Required action. Your answer must be exactly the lines from the one containing "20˥Ȥ֥塼ƥ󥰥С EAߥХϥ 2ndפ­θꥸʥ˥塼Ϥ󡤥ʥå°Υ饹ȥ졼åȤо" through the end of the material, both ends included, without pictures.

Dataset extract.
★ ★ ★ ★
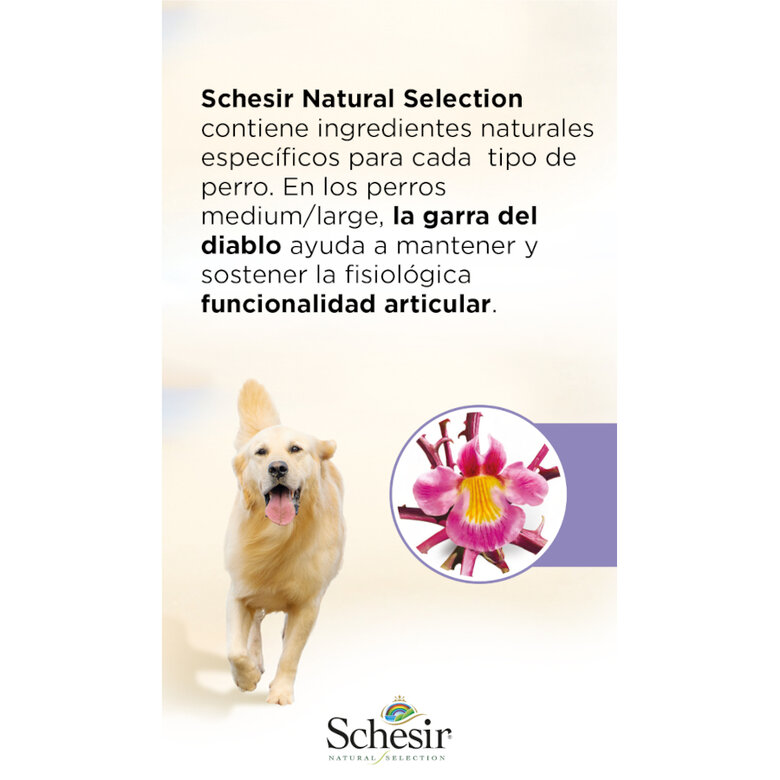 Schesir Adult Medium&Large Natural Selection Pavo pienso para perros, , large image number null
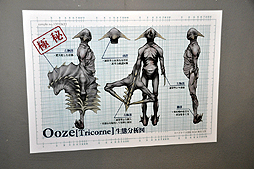 ꡼ No.012Υͥ / 20˥Ȥ֥塼ƥ󥰥С EAߥХϥ 2ndפ­θꥸʥ˥塼Ϥ󡤥ʥå°Υ饹ȥ졼åȤо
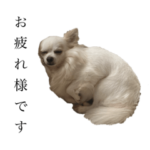 バイトのLINEで使えるわんころスタンプ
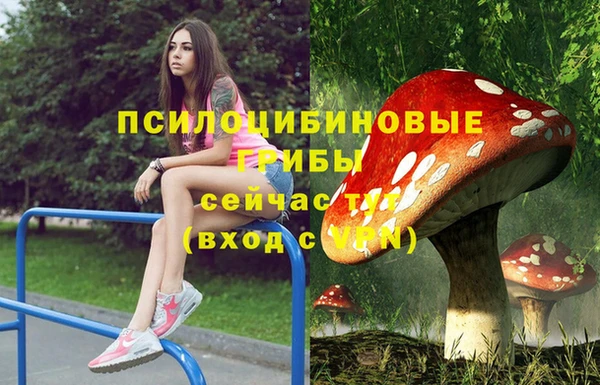 прущий лед Гусиноозёрск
★ ★ ★ ★
Result for this exercise.
 ꡼ No.012Υͥ / 20˥Ȥ֥塼ƥ󥰥С EAߥХϥ 2ndפ­θꥸʥ˥塼Ϥ󡤥ʥå°Υ饹ȥ졼åȤо
 バイトのLINEで使えるわんころスタンプ
 прущий лед Гусиноозёрск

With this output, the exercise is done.